=== SOURCE DATA ===
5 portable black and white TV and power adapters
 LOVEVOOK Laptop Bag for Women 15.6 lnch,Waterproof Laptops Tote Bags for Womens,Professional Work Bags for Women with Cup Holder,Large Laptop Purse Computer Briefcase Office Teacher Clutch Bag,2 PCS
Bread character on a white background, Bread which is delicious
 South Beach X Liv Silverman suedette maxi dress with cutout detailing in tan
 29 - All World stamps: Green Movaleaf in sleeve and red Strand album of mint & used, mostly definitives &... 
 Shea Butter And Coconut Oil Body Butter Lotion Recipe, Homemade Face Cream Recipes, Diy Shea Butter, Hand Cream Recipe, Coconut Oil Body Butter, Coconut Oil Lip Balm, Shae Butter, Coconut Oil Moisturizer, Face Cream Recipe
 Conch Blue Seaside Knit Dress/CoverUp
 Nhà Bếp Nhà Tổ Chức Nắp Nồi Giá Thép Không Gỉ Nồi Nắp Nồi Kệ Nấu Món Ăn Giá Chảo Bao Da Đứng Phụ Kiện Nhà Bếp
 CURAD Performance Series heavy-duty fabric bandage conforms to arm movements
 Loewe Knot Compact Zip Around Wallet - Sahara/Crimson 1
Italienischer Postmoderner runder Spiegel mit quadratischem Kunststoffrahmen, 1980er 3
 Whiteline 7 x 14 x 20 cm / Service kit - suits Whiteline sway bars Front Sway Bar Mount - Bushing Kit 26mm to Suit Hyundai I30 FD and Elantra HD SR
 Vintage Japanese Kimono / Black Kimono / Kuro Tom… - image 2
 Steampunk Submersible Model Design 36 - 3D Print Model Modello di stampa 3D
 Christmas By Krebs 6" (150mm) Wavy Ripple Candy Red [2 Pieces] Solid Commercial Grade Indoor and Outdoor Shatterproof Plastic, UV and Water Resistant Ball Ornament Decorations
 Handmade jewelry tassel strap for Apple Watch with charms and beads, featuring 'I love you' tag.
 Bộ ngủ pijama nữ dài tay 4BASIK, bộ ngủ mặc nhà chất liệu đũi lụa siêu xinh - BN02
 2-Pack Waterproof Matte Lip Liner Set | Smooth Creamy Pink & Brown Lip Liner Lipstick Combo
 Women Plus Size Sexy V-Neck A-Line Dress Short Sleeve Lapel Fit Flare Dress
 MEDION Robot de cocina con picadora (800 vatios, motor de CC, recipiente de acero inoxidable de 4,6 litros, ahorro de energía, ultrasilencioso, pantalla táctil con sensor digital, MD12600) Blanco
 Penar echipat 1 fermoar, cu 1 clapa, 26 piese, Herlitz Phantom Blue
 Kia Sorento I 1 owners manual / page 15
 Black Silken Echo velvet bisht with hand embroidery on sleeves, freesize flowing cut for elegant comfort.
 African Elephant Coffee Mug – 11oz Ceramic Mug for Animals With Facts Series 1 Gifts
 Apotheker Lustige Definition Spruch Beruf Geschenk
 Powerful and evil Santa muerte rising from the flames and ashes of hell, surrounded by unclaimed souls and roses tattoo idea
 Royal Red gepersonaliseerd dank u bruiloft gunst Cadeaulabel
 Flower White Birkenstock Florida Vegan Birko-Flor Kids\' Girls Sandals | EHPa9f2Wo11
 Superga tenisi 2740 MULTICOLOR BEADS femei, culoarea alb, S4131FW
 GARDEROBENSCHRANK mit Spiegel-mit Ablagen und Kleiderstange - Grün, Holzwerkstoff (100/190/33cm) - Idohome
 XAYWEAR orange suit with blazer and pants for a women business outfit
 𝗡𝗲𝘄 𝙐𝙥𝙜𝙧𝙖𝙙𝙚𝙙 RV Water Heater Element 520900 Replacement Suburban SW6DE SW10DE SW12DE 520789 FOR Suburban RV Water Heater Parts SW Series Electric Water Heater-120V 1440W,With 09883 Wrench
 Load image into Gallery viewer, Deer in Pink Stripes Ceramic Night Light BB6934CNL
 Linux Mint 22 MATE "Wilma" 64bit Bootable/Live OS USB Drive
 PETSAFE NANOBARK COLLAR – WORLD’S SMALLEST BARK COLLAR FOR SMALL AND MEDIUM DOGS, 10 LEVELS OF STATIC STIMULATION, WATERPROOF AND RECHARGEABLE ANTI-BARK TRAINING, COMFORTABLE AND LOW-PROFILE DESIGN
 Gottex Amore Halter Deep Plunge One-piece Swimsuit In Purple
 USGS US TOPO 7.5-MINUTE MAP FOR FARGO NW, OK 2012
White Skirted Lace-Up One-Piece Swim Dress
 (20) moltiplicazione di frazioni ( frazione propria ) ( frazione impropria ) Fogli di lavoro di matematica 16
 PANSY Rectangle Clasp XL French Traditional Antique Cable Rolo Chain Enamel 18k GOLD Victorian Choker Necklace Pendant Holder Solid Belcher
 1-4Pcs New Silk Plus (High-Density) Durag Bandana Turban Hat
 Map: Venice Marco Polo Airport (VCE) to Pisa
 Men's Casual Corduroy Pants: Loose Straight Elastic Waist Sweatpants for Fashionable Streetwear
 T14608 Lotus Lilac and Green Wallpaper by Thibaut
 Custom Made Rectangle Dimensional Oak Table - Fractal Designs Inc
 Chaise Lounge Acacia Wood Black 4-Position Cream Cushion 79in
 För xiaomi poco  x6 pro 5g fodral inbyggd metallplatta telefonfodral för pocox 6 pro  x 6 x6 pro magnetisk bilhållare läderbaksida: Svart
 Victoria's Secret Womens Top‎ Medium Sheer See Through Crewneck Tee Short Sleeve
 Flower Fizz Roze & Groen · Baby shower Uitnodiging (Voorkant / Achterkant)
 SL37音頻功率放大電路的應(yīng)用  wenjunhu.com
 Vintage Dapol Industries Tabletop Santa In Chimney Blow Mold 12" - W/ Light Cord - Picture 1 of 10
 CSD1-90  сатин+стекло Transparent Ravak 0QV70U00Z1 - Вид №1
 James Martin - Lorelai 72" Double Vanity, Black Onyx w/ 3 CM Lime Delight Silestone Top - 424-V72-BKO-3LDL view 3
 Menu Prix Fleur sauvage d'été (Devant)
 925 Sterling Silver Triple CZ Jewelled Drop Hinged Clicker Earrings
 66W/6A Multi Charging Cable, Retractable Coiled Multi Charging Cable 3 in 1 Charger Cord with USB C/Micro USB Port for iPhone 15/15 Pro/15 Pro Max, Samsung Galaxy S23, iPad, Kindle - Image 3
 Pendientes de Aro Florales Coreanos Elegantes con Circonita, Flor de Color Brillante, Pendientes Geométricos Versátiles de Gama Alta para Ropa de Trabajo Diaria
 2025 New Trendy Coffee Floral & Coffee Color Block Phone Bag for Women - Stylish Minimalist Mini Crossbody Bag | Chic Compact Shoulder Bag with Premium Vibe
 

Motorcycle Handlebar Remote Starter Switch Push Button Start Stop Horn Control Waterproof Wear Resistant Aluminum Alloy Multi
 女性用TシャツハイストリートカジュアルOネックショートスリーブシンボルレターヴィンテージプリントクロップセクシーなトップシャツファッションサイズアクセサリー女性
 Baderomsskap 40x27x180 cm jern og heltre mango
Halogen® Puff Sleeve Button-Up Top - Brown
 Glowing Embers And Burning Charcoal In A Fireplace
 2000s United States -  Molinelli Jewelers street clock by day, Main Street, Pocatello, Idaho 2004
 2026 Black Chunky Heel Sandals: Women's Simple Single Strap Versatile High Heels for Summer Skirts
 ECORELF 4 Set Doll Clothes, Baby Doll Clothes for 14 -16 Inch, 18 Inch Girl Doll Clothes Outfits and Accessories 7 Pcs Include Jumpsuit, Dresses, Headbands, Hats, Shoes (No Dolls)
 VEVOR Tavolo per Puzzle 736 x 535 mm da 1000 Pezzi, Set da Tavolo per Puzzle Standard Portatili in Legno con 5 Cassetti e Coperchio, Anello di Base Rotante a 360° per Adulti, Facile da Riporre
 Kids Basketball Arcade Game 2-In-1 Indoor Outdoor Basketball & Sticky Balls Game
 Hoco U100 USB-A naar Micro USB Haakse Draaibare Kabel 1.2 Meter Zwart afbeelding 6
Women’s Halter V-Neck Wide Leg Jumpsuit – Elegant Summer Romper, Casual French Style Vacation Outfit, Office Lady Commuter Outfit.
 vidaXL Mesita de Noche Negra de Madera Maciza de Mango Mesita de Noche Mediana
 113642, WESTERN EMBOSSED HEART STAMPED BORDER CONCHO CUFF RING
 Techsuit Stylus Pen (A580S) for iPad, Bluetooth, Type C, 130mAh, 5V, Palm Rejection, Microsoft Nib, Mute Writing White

=== TASK ITEM ===
Find and copy each line of the listing above that holds the word "iPad".

=== EXERCISE RESPONSE ===
 66W/6A Multi Charging Cable, Retractable Coiled Multi Charging Cable 3 in 1 Charger Cord with USB C/Micro USB Port for iPhone 15/15 Pro/15 Pro Max, Samsung Galaxy S23, iPad, Kindle - Image 3
 Techsuit Stylus Pen (A580S) for iPad, Bluetooth, Type C, 130mAh, 5V, Palm Rejection, Microsoft Nib, Mute Writing White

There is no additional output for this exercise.